Steps to Implementing an Owner Agreement

1. Be concerned that you not lose the time and effort involved in creating your business interest.

2. Understand that the most likely person to pay you or your heirs for your business interest will be someone already involved with the business. If for no other reason this fact means you should have at least one co-owner with whom you can make an agreement about the fair value you or your heirs should receive for your business interest.

3. Facilitate the frequent occurrence of owner meetings where the following issues are discussed and the discussions are documented.

4. Specify the triggers that will cause the payment provisions of the agreement to occur. Usually these triggers are permanent disability and death. These triggers cause an involuntary withdrawal from the business and a payment to the owner experiencing the trigger event.

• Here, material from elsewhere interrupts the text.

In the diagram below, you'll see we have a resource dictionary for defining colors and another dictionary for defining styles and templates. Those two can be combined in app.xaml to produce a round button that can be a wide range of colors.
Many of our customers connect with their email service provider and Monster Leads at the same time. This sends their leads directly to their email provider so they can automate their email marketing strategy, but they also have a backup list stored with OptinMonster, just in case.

5. Specify how the business should run in the event of a temporary disability of an owner-manager. These provisions should take into consideration the competency of the owner. To the extent the owner cannot participate in the decision-making process of the business, the owner's attorney-in-fact holding an appropriate power of attorney should participate in the decision-making process.

6. In the event of the loss of the contribution of an owner, specify the liquidity requirements of the business to replace the owner's skills and continue profitable operation of the business.

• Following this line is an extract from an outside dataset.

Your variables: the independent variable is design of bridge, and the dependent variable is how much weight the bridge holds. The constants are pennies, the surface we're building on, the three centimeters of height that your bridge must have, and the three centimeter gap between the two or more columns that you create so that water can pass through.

7. Identify the value of the business interest by stating a dollar amount and providing a process for revision of that amount on an annual basis.

8. Consider the overall value of the business with regard to minority interests, majority interests, liquidity requirements, and life insurance coverage available on the owners. Ideally, the business can insure the lives of the owners to cover the complete value of the business interests and liquidity requirements.

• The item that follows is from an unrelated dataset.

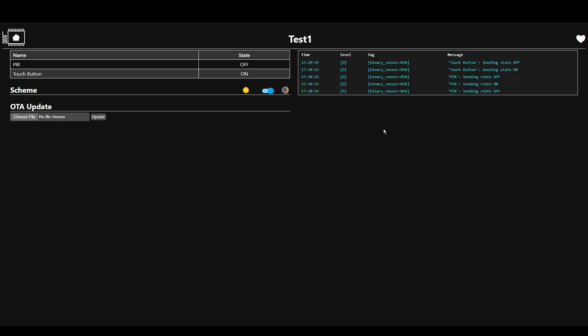You can see that the pir is showing us on at the moment and the touch button is showing us off. So now I'm just going to go in front of the pir and the state should change to on and there you go.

9. Accept that the agreement will likely not be executed as written and that a process of maintaining agreement must be in place. An arbitration requirement is one method to keep agreement pressures from creating a situation where the agreement becomes unenforceable.

10. Meet with heirs and spouses to review the rationale behind the value numbers in the agreement.

11. Based on the documented discussions, create a draft agreement, have all owners review the agreement, and execute the agreement.

12. Encourage each owner to make appropriate estate planning arrangements, especially as to powers of attorney.

13. Establish appropriate insurance coverage on each owner. The business should be the owner of all insurance policies.

14. Establish the procedure for the business to receive insurance policy proceeds and make proper payments pursuant to the agreement.

15. Continue having regular meetings with owners to discuss the issues involved in the owner agreement, document those discussions, and develop a strategic plan that will be the basis for revising the owner agreement.